Combining traces for different samplers

I am running MCMC for an inverse problem which involves a call to an expensive black box simulation at each sampling step.

  • Since the only way to compute the gradients for NUTS is with finite difference with respect to the inference parameters, NUTS is prohibitively expensive to run by itself.
  • Metropolis does not require a gradient, and explores the posterior space well locally, but not globally. It’s about a factor of 100 cheaper to run than NUTS per iteration
  • I would like to sample using metropolis for most of the iterations, and every so often do a few NUTS or HMC iterations to better traverse the typical set

I can create a compound step involving 100 MH iterations and 1 NUTS iteration, for example, but pm.sample will only save the final parameter value at the end of the 101 steps to the trace. How can I keep the intermediate Metropolis steps as well? I don’t want to restart the trace each time, because I want to take advantage of all the tuning done for both samplers up to that point.

From reading the documentation, it’s unclear if I can use a MultiTrace object to keep the tuning information from the past – I don’t want to start a brand new trace every time and then manually link them unless I can keep the tuning information!
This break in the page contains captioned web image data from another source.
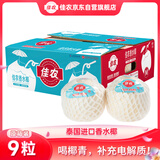 佳农 泰国进口椰青9粒装 单果900g+ 赠开椰器吸管 生鲜水果礼盒 包邮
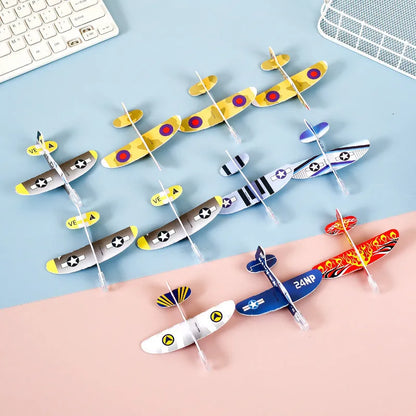 Children's Hand Throw DIY Assembly Cartoon Model Foam Mini Aircraft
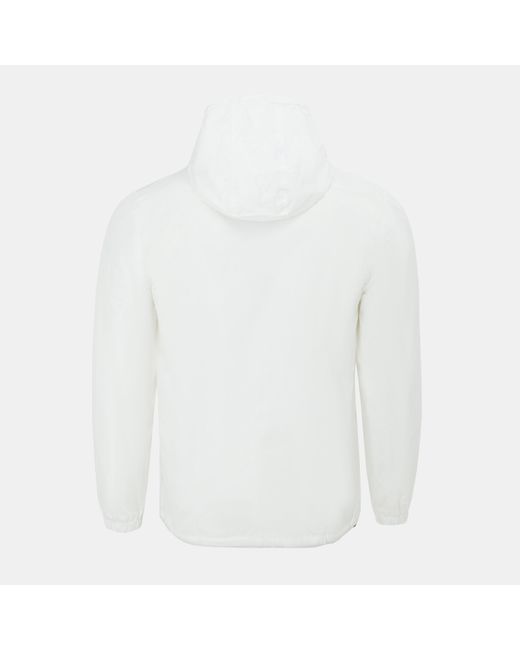 Donnay White Lightweight Waterproof Windbreaker for men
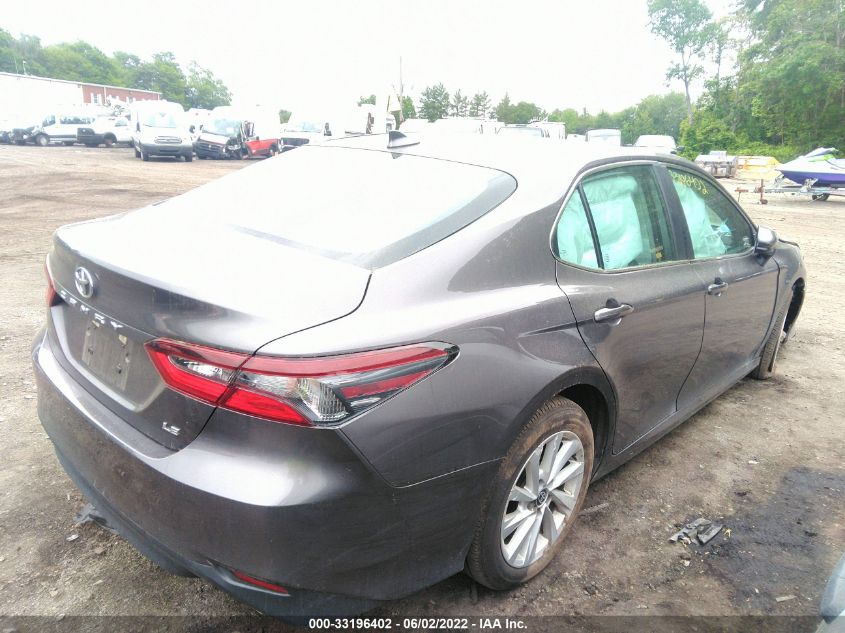2022 TOYOTA CAMRY LE VIN: 4T1C11AK4NU648906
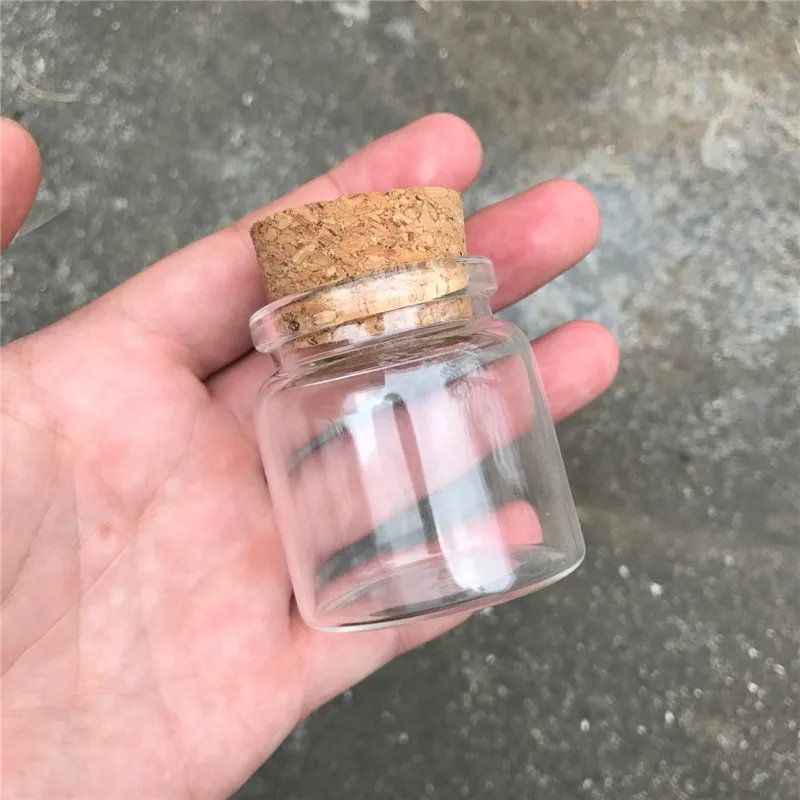 Capacity 50ml Glass Bottles With Cork Small Transparent Mini Empty Glass Vials Jars1 (5)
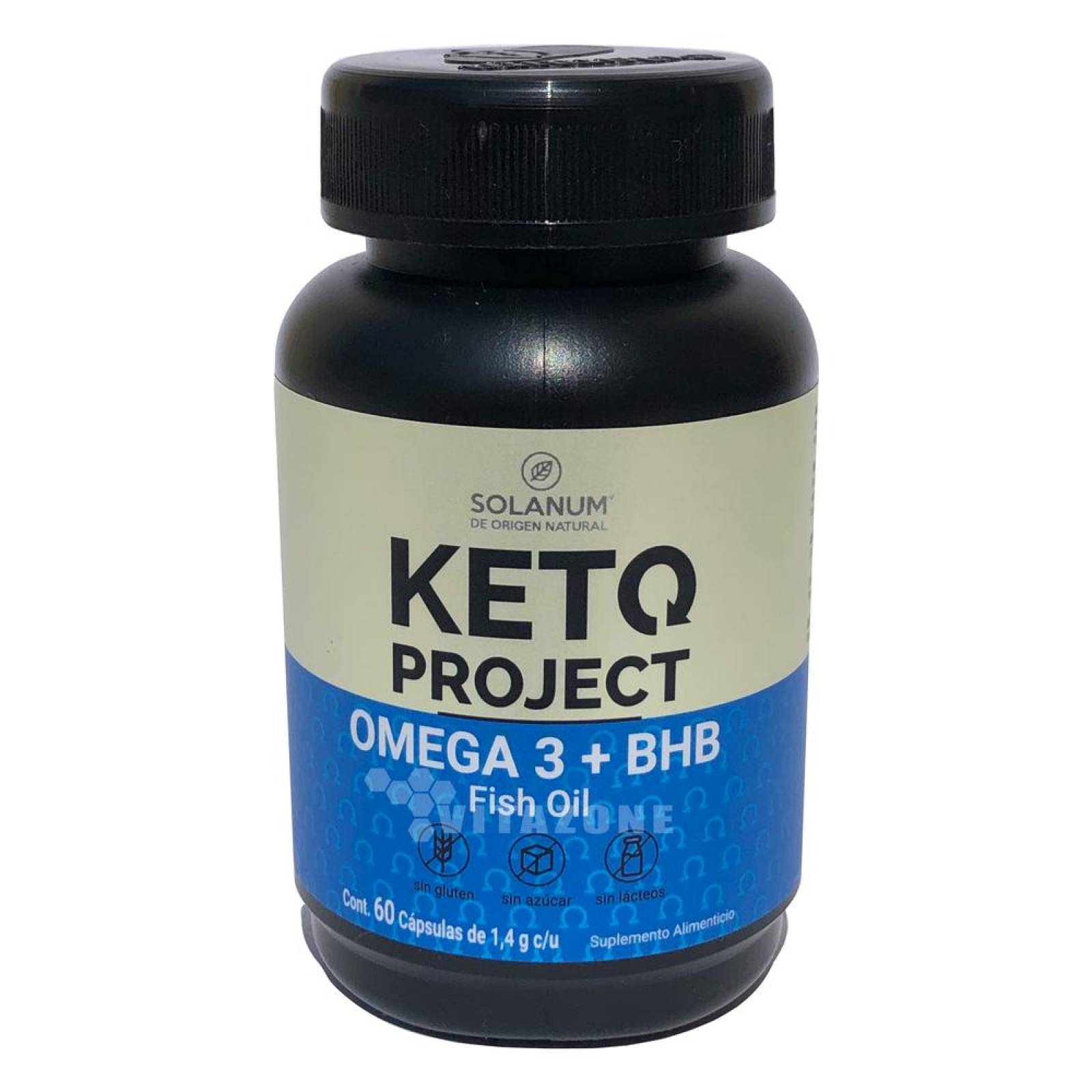 Omega 3 + Bhb 60 Cáps De 1.4 Grs Keto Project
I don’t have a specific solution for the problem you’ve presented regarding the tuning information and trace objects, but I will add my two cents on using NUTS versus MH since I’ve also had experience hooking up PyMC3 to outside simulation code.

  • I think that the alternating NUTS / MH scheme is usually not any better than just using NUTS, even if the latter takes an enormous amount of time to draw samples. Keep in mind that while the 500 tune / 500 draw setting is the default, you may get MCMC mixing much more rapidly than that.
  • If you can spare the compute time, it may be worth just running a chain with 50/50 or even fewer to see if you think the samples are good. Remember to compare using the effective sample size rather than just the number of iterations completed.
  • In the unlikely event that your black box simulation is written in Python, you could consider getting the log posterior gradients with autodiff using Jax.
  • Do you think the forward model evaluations are cheap enough to use Sequential Monte Carlo?